* **Aim of the exercise**: Write the listing below again, word for word.

[Opening Data provided section]

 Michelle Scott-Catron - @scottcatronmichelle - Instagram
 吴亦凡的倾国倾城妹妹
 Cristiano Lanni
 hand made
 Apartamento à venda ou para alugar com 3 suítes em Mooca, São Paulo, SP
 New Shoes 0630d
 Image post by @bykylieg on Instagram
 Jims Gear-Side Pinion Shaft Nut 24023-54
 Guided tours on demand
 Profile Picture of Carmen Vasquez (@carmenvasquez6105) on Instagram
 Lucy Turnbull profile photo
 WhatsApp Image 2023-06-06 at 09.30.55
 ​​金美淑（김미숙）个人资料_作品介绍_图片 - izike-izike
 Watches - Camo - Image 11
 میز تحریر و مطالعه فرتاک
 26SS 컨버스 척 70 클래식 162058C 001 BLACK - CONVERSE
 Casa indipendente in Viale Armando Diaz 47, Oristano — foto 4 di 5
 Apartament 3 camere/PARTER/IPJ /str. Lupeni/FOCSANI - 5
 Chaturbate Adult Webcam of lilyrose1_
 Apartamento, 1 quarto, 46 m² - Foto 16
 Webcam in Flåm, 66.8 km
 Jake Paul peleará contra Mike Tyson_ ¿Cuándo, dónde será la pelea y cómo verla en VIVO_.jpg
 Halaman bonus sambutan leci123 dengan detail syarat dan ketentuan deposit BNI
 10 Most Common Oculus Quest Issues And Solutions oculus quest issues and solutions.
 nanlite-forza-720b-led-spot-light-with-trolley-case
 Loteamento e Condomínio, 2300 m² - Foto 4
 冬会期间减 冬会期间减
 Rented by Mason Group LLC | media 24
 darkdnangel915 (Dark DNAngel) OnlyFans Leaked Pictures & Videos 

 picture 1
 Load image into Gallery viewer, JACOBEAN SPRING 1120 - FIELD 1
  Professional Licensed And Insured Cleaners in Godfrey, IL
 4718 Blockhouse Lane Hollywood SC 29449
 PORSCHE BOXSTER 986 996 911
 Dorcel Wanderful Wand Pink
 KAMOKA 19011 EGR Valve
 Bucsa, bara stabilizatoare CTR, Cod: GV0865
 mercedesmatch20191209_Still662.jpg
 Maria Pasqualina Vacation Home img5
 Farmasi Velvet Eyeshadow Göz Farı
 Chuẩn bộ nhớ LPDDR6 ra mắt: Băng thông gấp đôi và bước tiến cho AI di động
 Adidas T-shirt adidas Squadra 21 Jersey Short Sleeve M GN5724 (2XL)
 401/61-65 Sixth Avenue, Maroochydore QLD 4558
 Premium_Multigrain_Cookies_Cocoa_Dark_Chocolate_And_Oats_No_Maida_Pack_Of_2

[Closing Data provided section]

* **Solution**:
 Michelle Scott-Catron - @scottcatronmichelle - Instagram
 吴亦凡的倾国倾城妹妹
 Cristiano Lanni
 hand made
 Apartamento à venda ou para alugar com 3 suítes em Mooca, São Paulo, SP
 New Shoes 0630d
 Image post by @bykylieg on Instagram
 Jims Gear-Side Pinion Shaft Nut 24023-54
 Guided tours on demand
 Profile Picture of Carmen Vasquez (@carmenvasquez6105) on Instagram
 Lucy Turnbull profile photo
 WhatsApp Image 2023-06-06 at 09.30.55
 ​​金美淑（김미숙）个人资料_作品介绍_图片 - izike-izike
 Watches - Camo - Image 11
 میز تحریر و مطالعه فرتاک
 26SS 컨버스 척 70 클래식 162058C 001 BLACK - CONVERSE
 Casa indipendente in Viale Armando Diaz 47, Oristano — foto 4 di 5
 Apartament 3 camere/PARTER/IPJ /str. Lupeni/FOCSANI - 5
 Chaturbate Adult Webcam of lilyrose1_
 Apartamento, 1 quarto, 46 m² - Foto 16
 Webcam in Flåm, 66.8 km
 Jake Paul peleará contra Mike Tyson_ ¿Cuándo, dónde será la pelea y cómo verla en VIVO_.jpg
 Halaman bonus sambutan leci123 dengan detail syarat dan ketentuan deposit BNI
 10 Most Common Oculus Quest Issues And Solutions oculus quest issues and solutions.
 nanlite-forza-720b-led-spot-light-with-trolley-case
 Loteamento e Condomínio, 2300 m² - Foto 4
 冬会期间减 冬会期间减
 Rented by Mason Group LLC | media 24
 darkdnangel915 (Dark DNAngel) OnlyFans Leaked Pictures & Videos 

 picture 1
 Load image into Gallery viewer, JACOBEAN SPRING 1120 - FIELD 1
  Professional Licensed And Insured Cleaners in Godfrey, IL
 4718 Blockhouse Lane Hollywood SC 29449
 PORSCHE BOXSTER 986 996 911
 Dorcel Wanderful Wand Pink
 KAMOKA 19011 EGR Valve
 Bucsa, bara stabilizatoare CTR, Cod: GV0865
 mercedesmatch20191209_Still662.jpg
 Maria Pasqualina Vacation Home img5
 Farmasi Velvet Eyeshadow Göz Farı
 Chuẩn bộ nhớ LPDDR6 ra mắt: Băng thông gấp đôi và bước tiến cho AI di động
 Adidas T-shirt adidas Squadra 21 Jersey Short Sleeve M GN5724 (2XL)
 401/61-65 Sixth Avenue, Maroochydore QLD 4558
 Premium_Multigrain_Cookies_Cocoa_Dark_Chocolate_And_Oats_No_Maida_Pack_Of_2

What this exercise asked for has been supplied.